EXERCISE INSTRUCTIONS - Starting at the line with "Young Brown Bear Cub Sitting Wall Mural", copy each line through the last one below exactly as written, without any pictures.

RECORDS FOR THIS TASK -
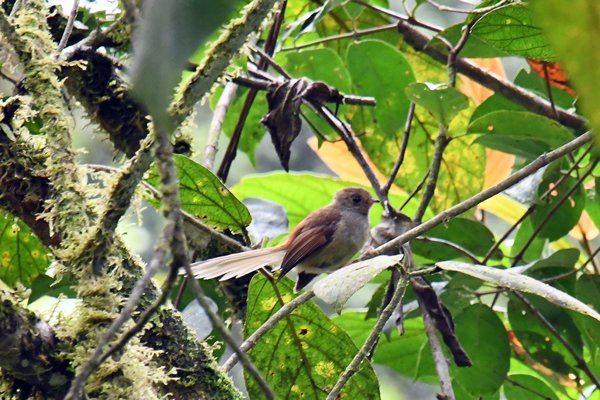 Dimorphic Fantail (Dimorfe waaierstaart) bij Sioubri, Papoea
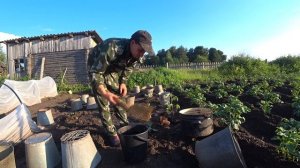 СПАСАЮ КАПУСТУ КАК МОГУ, ОГОРОДНЫЕ ХЛОПОТЫ.
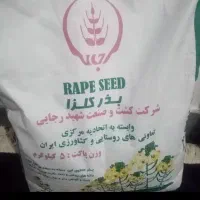 بذر کلزا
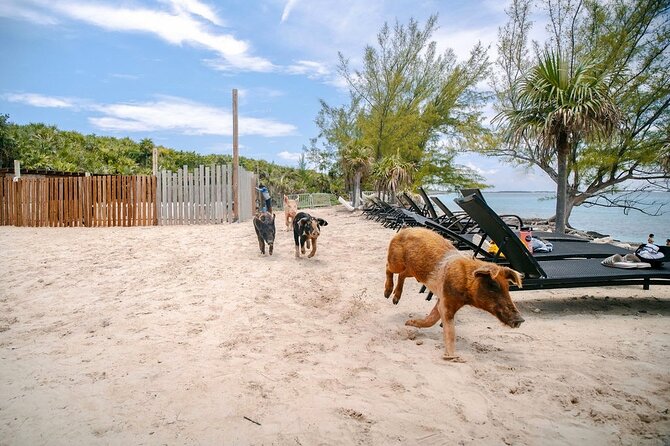 Swimming Pigs Of Rose Island & Beach Day - Group Tour - The return route past Green Cay and Gilligan’s Island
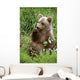 Young Brown Bear Cub Sitting Wall Mural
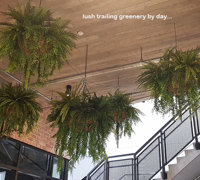 Lush green & dazzling lights- huge artificial hanging-baskets in shopping centre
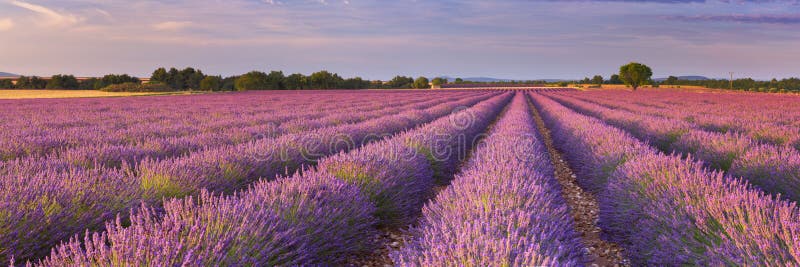 Sonnenaufgang über Feldern des Lavendels in der Provence, Frankreich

RESPONSE FOR THIS EXERCISE -
 Young Brown Bear Cub Sitting Wall Mural
 Lush green & dazzling lights- huge artificial hanging-baskets in shopping centre
 Sonnenaufgang über Feldern des Lavendels in der Provence, Frankreich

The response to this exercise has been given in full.